Вероятно, что-то подобное этому утверждению подразумевает намеченное Томпсоном различие между интуитивным понятием собственно мифа («мифологической истории») и «мифическим инцидентом». Судя по примерам, собранным под шапкой «Мифические инциденты», к таковым он относит одномотивные этиологические мифы, т.е. собственно этиологические мотивы, передаваемые изустно как самостоятельные нарративы [19].
Возможно, в этой точке сходятся вроде бы параллельные прямые структурной паремиологии и морфологией сказки, а «общая теория клише» становится частным случаем или как бы «ложно понятой» («перевернутой») теорией морфологии сказки в переводе на язык нашей теории трех главных мотифем. На языке этой теории, миф в отличие от волшебной сказки есть не трехчастная, а одночастная структура. Все это, конечно, при условии, что мы будем рассматривать фольклорное клише («устойчивое сочетание слов») как синоним сюжетной линии («не только явление языка, но более сложное образования»). Сюжетная линия – это тоже мотив [20].

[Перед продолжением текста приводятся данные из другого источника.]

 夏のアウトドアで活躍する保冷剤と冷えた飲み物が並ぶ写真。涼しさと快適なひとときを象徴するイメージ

Рассматривая теорию клише Пермякова как «перевернутую» теорию морфологии сказки, мы, безусловно, прибегаем к своего рода гиперболе, но гиперболе, применение которой правомерно. Если теория клише восходит от пословиц и поговорок к сказке, то теория мотифем нисходит от сказок к пословицам и поверьям. С одной стороны, о структурной связи поверья и сказки писал в свое время Алан Дандис, с другой – что позволено поверью, то позволено пословице – на правах мотива в значении «зерно сюжета» [21].

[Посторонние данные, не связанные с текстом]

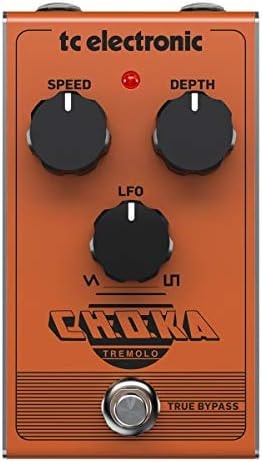 TC Electronic CHOKA TREMOLO Vintage-Flavored All-Analog Tremolo Pedal with 3-Knob Design and Seamless Morphing Between LFO Styles,Orange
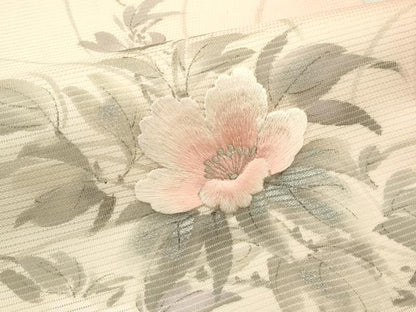 平和屋着物＊夏物　九寸名古屋帯　作家物　手描き　刺繍　草花文　銀彩　正絹　逸品　CABI5306rv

Отдельно следует сказать об одном небольшом открытии, касающемся тайны рождения сказок. Раньше мы полагали, что переворачивание мифа непосредственно в волшебную сказку принципиально невозможно, поскольку по законам сложения протагонист мифа («первопредок») по своей структуре не способен стать протагонистом эпоса или волшебной сказки; в эпосе и волшебной сказке он превращается в антагониста. Разобранный нами пример показывает, что имеются исключения, подтверждающие указанное правило. Протагонистом волшебной сказки может стать некий третий персонаж мифа (девушка-змея в мифе «Змея на луке»), соединяющий в себе черты антагониста и искомого персонажа (оба in spe). В данном случае собственно антагонист является неполным (или ложным?). Например, в сказке «Царевна-лягушка» в роли антагониста-испытателя выступает вершитель (царь, отец мужа). Что самое интересное, бывший протагонист мифа (Иван-царевич) оказывается на месте искомого персонажа.

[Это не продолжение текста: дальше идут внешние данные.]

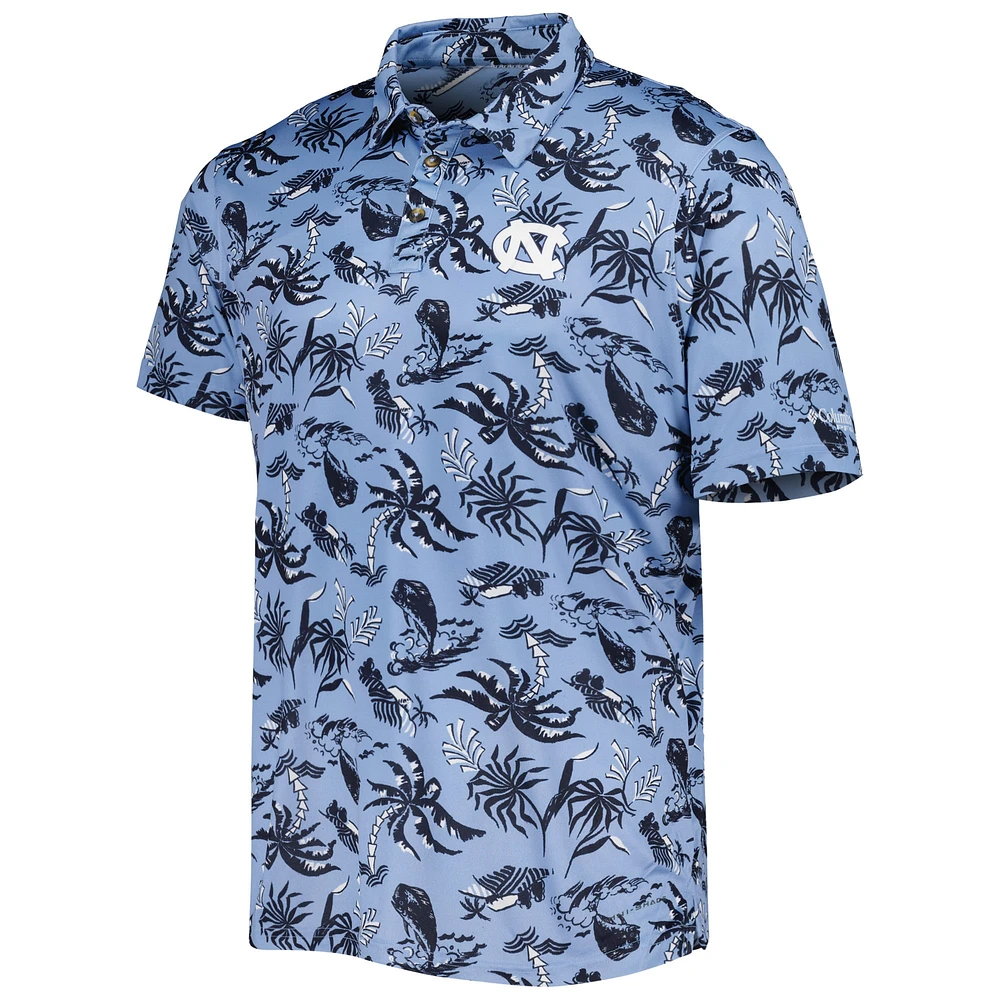 Men's Columbia Carolina Blue North Tar Heels Super Terminal Tackle Omni-Shade Polo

Сходство сказок, принадлежащих даже традициям очень далеким друг от друга в пространственном и временном отношении, объясняется не только стереотипическим характером бытовых ситуаций. Законы сложения сказок везде одинаковы. Во-первых, одинакова структура, под которую подверстываются наличные в рамках данной традиции мотивы и которая либо существует, либо существует in spe. Во-вторых, одинакова система запретов (законов) при «разверстке» мотивов: 1) запрет на многогеройность (протагонист всегда один), 2) запрет на повторение значений мотивов (например, за мотивом в значении «вредительство» не может следовать мотив с тем же значением). Двух этих законов (с подзаконными акта-ми, касающимися развития действия сказки по формуле 2 + 1 или 3 +1, когда финал кумуляции выносится в пространство третьей метамотифемы), как оказывается, вполне достаточно, чтобы привести к единому виду все существующие традиции с поправкой на доминирующие обряды – инициации и свадьбы.
Что все это может означать, если смотреть на вещи сквозь призму понятия морфологии сказки? – Вероятно, то, что теория трех главных мотифем является способом доказательства теоремы табуляции волшебных сказок, сформулированной Проппом в книге «Морфология сказки».